◆ **Work instruction**
Taking the data below, please print only the lines from the line holding "The FM frequency" to the line holding "To do this, log", inclusive, with pictures omitted.

◆ **Supplied information**
━━━━━━━━━━━━━━━━━━━━

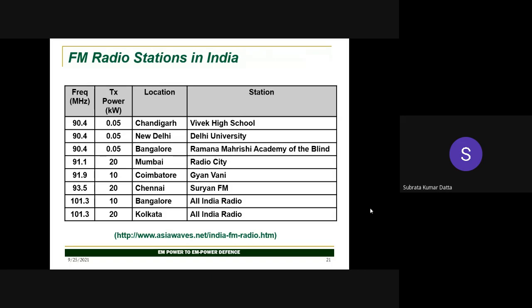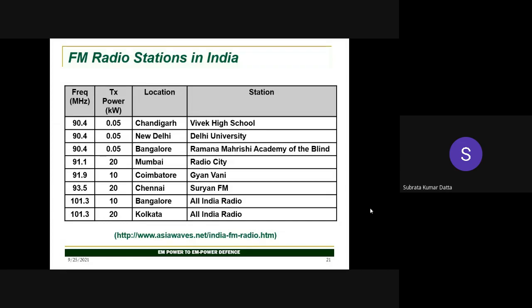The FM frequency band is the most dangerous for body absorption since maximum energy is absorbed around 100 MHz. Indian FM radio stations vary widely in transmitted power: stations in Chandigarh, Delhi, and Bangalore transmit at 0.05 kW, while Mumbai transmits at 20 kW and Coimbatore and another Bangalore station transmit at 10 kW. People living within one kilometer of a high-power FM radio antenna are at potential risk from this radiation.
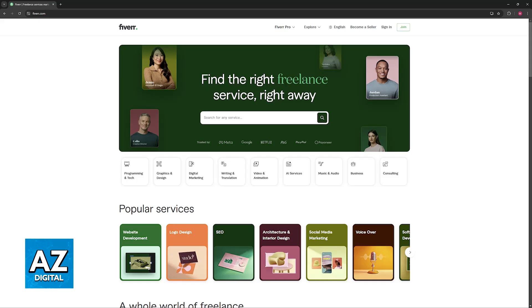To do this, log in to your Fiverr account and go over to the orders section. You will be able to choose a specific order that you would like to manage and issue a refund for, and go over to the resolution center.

━━━━━━━━━━━━━━━━━━━━

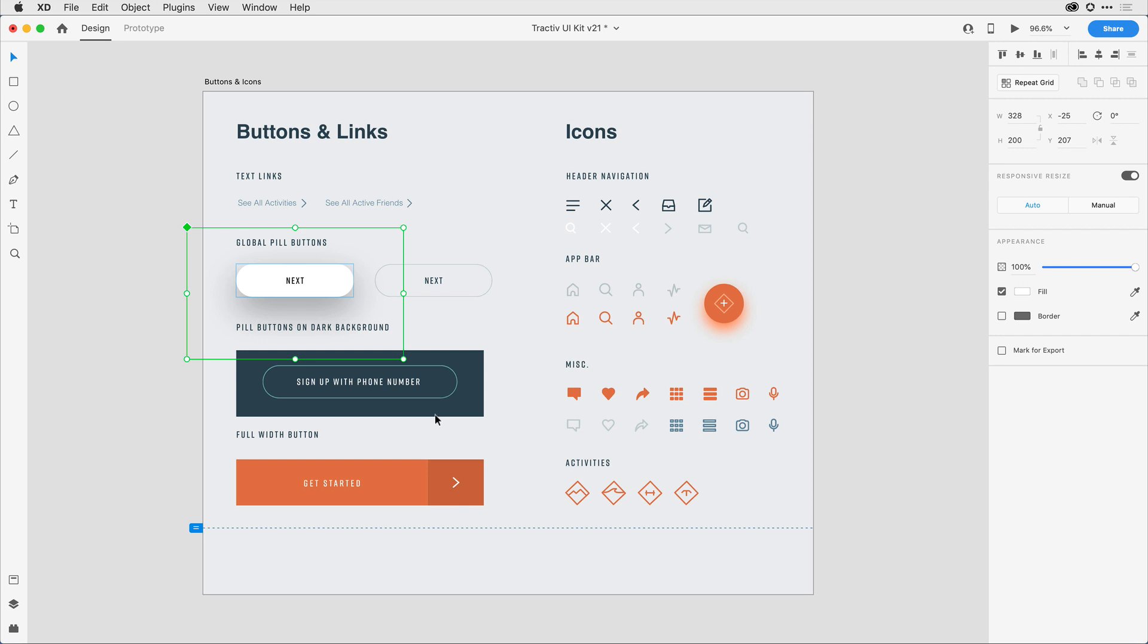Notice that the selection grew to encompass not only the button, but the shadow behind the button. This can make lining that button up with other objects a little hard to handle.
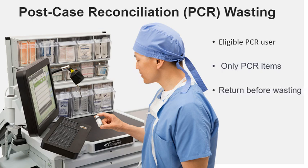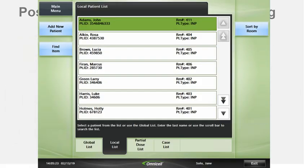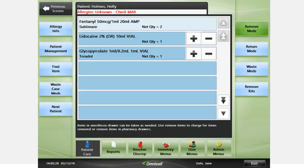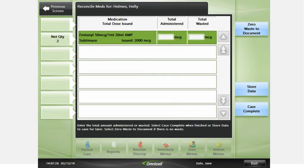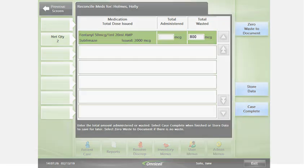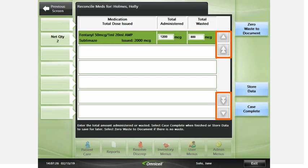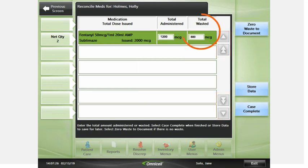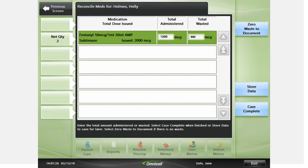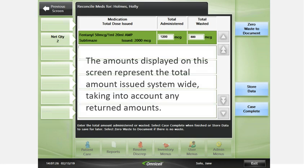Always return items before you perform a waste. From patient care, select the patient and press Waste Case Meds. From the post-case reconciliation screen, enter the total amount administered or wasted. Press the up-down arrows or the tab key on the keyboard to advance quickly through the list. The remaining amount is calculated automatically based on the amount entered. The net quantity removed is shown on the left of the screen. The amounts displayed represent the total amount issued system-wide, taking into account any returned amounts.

━━━━━━━━━━━━━━━━━━━━

◆ **Exercise answer**
The FM frequency band is the most dangerous for body absorption since maximum energy is absorbed around 100 MHz. Indian FM radio stations vary widely in transmitted power: stations in Chandigarh, Delhi, and Bangalore transmit at 0.05 kW, while Mumbai transmits at 20 kW and Coimbatore and another Bangalore station transmit at 10 kW. People living within one kilometer of a high-power FM radio antenna are at potential risk from this radiation.
To do this, log in to your Fiverr account and go over to the orders section. You will be able to choose a specific order that you would like to manage and issue a refund for, and go over to the resolution center.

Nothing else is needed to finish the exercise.